Tuesday, March 28, 2017

100% by Paul Pope

Predicting the future is never easy. And a thousand unlikely things have already happened, so a million more will happen, given enough time.

Still, I'm pretty sure that the next trend in erotic entertainment will not be "gastro" -- watching a half-naked dancer's stomach contents fizzing and bubbling on a big screen behind her as she gyrates.

Call it a hunch.

Otherwise, Paul Pope's graphic novel 100% (created 2002-2002, collected 2009, set in 2038) presents a plausible, lived-in urban future, a few decades up the line -- in fact, except for gastro, it's notable mostly because things haven't changed that much.
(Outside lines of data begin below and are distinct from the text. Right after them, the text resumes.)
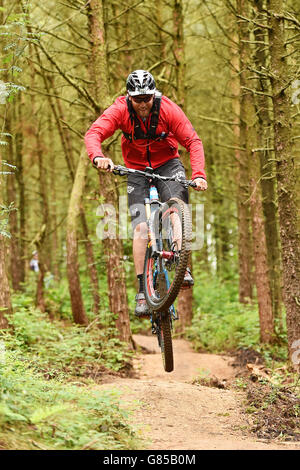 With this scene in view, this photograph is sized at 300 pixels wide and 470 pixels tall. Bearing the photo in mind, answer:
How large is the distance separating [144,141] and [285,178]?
9.72 feet

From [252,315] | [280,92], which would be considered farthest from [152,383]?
[252,315]

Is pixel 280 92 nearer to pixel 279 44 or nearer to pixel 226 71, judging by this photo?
pixel 279 44

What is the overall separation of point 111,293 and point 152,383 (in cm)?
249

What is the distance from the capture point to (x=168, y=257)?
228 inches

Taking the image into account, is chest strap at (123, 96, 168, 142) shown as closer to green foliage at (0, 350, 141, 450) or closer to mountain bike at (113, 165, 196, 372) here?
mountain bike at (113, 165, 196, 372)

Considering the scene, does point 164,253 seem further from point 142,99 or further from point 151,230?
point 142,99

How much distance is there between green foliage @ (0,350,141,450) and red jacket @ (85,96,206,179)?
2480 millimetres

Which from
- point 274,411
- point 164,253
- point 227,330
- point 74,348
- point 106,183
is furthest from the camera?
point 227,330

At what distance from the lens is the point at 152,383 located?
7.79m

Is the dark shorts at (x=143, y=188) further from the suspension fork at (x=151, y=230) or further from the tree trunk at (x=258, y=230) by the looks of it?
the tree trunk at (x=258, y=230)

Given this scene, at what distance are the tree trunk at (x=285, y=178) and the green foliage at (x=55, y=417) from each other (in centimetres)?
401

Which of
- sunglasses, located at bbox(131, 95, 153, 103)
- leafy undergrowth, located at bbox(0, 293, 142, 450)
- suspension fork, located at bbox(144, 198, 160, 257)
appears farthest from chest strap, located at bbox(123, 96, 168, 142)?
leafy undergrowth, located at bbox(0, 293, 142, 450)

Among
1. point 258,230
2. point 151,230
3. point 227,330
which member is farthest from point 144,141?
point 227,330

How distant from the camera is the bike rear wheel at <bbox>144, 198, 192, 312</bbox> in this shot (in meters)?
5.42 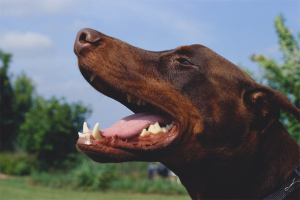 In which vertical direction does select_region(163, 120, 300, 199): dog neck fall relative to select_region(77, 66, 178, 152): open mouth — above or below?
below

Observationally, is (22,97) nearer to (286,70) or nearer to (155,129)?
(286,70)

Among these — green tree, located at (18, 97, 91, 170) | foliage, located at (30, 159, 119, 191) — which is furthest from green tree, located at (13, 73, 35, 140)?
foliage, located at (30, 159, 119, 191)

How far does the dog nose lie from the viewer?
8.46 feet

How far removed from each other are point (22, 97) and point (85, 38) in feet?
132

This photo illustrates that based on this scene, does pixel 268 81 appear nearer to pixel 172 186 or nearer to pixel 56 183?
pixel 172 186

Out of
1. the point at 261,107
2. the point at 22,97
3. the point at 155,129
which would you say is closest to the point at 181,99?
the point at 155,129

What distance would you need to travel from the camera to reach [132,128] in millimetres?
2760

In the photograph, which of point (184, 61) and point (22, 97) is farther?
point (22, 97)

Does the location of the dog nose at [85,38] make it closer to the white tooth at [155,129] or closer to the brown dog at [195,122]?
the brown dog at [195,122]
There's no strong AI, no flying cars, no implants, no apparent gene-surgery or designer people, no sign of robots or advanced digital assistants, let alone regular space travel or any of the more exotic SFnal ideas. Instead, it's a city full of people drinking in bars, falling in and out of love, trying to get ahead, worried about themselves and the ones the care about, and chasing that next big thing.

Pope intertwines several stories more or less about love -- a new gastro dancer hooks up with the busboy, the serious young bartender meets an artist on the verge of a potentially life-changing grant, the bar's manager has to deal with her professional-fighter ex coming back to town. They mostly work together, they mostly know each other, so they bounce off each other and their stories affect each other over the course of about a week.
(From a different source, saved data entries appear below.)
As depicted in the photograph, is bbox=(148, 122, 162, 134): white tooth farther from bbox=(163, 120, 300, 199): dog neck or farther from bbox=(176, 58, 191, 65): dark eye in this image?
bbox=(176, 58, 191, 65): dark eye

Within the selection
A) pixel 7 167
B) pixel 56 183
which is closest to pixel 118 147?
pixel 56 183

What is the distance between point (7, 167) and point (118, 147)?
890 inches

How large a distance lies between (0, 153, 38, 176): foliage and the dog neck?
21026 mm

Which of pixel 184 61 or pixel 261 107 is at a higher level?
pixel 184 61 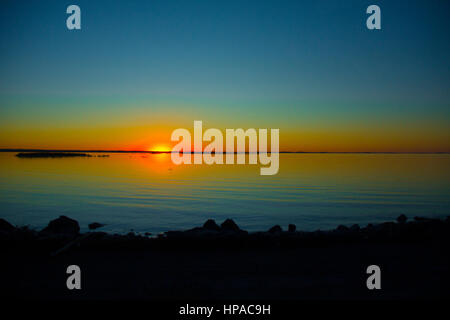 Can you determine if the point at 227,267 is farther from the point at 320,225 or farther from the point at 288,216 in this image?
the point at 288,216

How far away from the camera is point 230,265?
9.27 m

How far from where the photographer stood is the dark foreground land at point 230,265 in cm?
739

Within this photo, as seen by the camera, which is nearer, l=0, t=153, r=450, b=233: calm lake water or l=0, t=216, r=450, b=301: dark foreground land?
l=0, t=216, r=450, b=301: dark foreground land

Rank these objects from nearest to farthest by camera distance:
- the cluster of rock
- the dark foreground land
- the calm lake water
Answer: the dark foreground land
the cluster of rock
the calm lake water

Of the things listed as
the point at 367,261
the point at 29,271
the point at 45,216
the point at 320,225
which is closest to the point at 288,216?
the point at 320,225

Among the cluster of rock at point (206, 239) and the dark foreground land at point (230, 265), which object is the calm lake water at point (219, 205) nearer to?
the cluster of rock at point (206, 239)

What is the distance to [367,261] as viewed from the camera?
373 inches

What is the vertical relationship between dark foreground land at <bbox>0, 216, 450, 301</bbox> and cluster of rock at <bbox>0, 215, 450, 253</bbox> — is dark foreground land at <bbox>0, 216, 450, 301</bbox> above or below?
below

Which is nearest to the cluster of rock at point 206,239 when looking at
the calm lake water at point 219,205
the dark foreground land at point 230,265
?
the dark foreground land at point 230,265

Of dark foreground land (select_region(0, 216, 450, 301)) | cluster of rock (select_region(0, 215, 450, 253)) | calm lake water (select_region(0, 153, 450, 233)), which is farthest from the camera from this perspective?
calm lake water (select_region(0, 153, 450, 233))

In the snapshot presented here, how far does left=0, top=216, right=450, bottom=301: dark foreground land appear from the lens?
7.39 meters

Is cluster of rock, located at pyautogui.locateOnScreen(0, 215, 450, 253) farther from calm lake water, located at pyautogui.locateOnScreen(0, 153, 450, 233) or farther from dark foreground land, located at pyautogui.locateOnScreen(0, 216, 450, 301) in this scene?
calm lake water, located at pyautogui.locateOnScreen(0, 153, 450, 233)

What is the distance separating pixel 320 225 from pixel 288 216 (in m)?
2.74

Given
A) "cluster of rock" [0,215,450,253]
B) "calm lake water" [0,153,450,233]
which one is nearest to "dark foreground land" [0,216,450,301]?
"cluster of rock" [0,215,450,253]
There's no big plot: no one is conquering the world, or creating a new transformative product, or learning the secret of reality. Chekhov would be disappointed with one particular plot element, but it didn't bother me at all. 100% is not going to tell the story you think it will: it will not tell you a story you've heard before. Instead, it will show you a window into the lives of a group of ordinary people, in a 2038 that's as reasonable or possible as any other world.

And it's all told by Paul Pope, in his grungy lines and deep blacks -- his people are attractive but not pretty, like always, the battered-god avatars of themselves, and their world is full of detail and specificity. His work is great for SF, since the THB days -- I hope he does more of it, and makes more crazy ideas.

Even if, like gastro, I can't quite bring myself to believe in them.